LANSING - Michigan hunters and anglers will see their first significant fee increase in more than 15 years under a law Gov. Rick Snyder signed Tuesday that is expected to increase revenue for improving wildlife habitats and beefing up enforcement.
The fees, which are to generate 40 percent more revenue, will kick in March 1 and include a new "base" hunting license costing $11 for in-state residents, with lower rates for youths and seniors. Out-of-state hunters will be charged $151.
The base license will pay for hunting waterfowl, migratory birds and small game like rabbits. Separate additional fees still will be levied for hunting certain species, and some of those will increase. Tags for deer will rise from $15 to $20, and the bear license from $15 to $25.
Gov. Rick Snyder signs into law Michigan’s first hunting and fishing license fee increases in more than 15 years in Lansing Tuesday. Observing from left are Rep. Jon Bumstead, R-Newaygo; Erin McDonough, executive director of Michigan United Conservation Clubs; David Brakhage, director of conservation programs for Ducks Unlimited Michigan; Keith Creagh, director of the Michigan Department of Natural Resources; and Dennis Eade, executive director of Michigan Steelhead & Salmon Fishermen’s Association. (AP photo)
When the new fees take effect, Michigan will have 42 hunting and fishing license fees instead of the 227 it has today. The fees, which generated roughly $49 million in the last budget year, are expected to bring in nearly $20 million more in revenue.
"Everyone supported this. This was across the board in terms of hunters, fishermen, people really saying this is a good thing," Snyder said during a bill-signing ceremony in his Lansing office, where he was joined by state Department of Natural Resources employees and representatives of outdoor organizations.
"It gives us an opportunity to simplify a system that had become too complicated," he said. "... But more important than that is reinvesting resources back into these important areas."
The last big hike in hunting and fishing fees came in 1997, with $1 increases following in 2001 and 2005. Former Gov.
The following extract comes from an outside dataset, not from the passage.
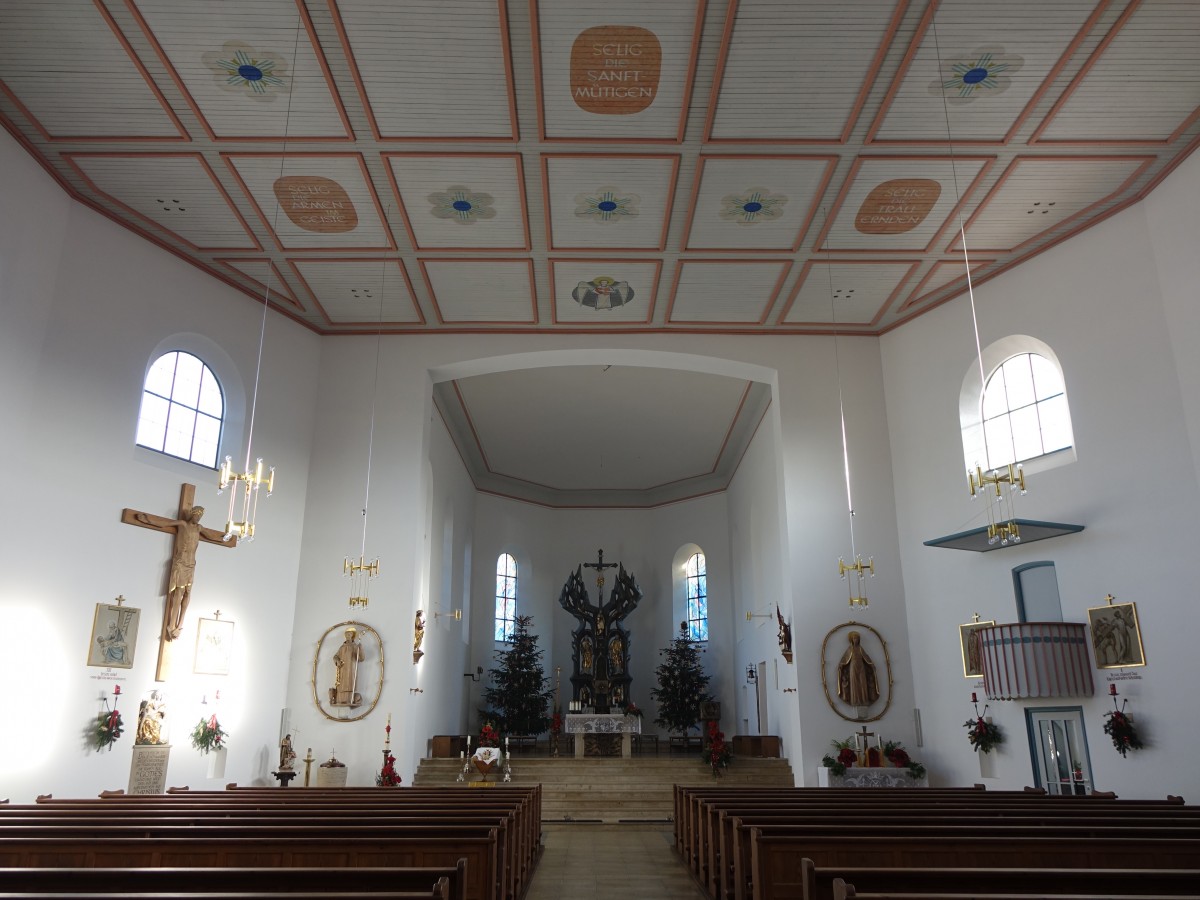 Aiglsbach, Innenraum der St. Leonhard Kirche (27.12.2015)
Jennifer Granholm's calls to significantly boost the fees for the DNR budget were blocked by lawmakers, but this time Snyder secured crucial support from sportsmen's groups and others.
"Without their input, we probably wouldn't have gone anywhere with this bill," said its sponsor, Rep. Jon Bumstead, a Newaygo Republican and hunter.
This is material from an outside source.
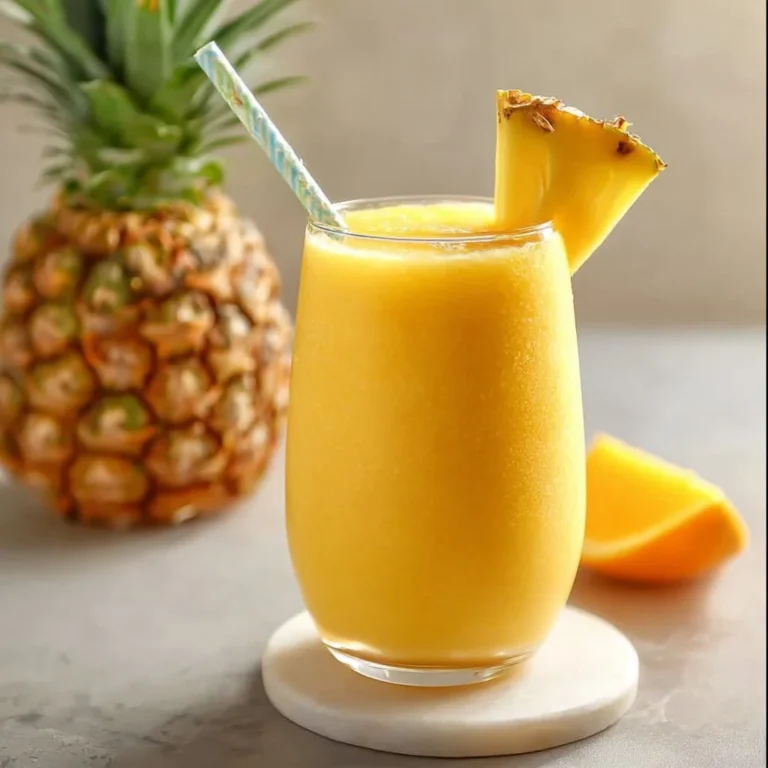 Tropical Pineapple Orange Smoothie in a glass with fruit garnishes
Eric McDonough, executive director of the Michigan United Conservation Clubs, said what made Snyder's proposal different was his administration seeking input from the outdoor community and pledging to put the additional money into areas that sportsmen's groups wanted to improve. The new state budget starting Oct. 1 includes funding to hire and train 30 new conservation officers. The fees in part could help pay for another 16 officers, according to Snyder's February budget proposal.
"We engaged from the beginning in saying we wanted more boots on the ground, we wanted more enforcement, we wanted more research and science, we wanted more of an investment in fisheries and habitat," McDonough said. "We don't want to do this if you're not going to put the money there and if you're not going to commit to being transparent and reporting and helping the groups understand how those investments are leading to outcomes on the ground."
Under the new law, in-state hunters and anglers will be able to buy a combination license that includes a base hunting license, two deer licenses and an all-species fishing license for $75, or $265 for a non-resident. Anglers will no longer choose between a restricted or all-species license. All fishing licenses will be all-species.
A 24-hour fishing license will increase from $7 to $10. The fee for a seasonal all-species license will drop from $28 to $25 for Michigan residents, but rise from $42 to $75 for out-of-state anglers.
A $1 surcharge included in the cost of a base hunting license, combination license or all-species fishing license will be dedicated to marketing, education and outreach.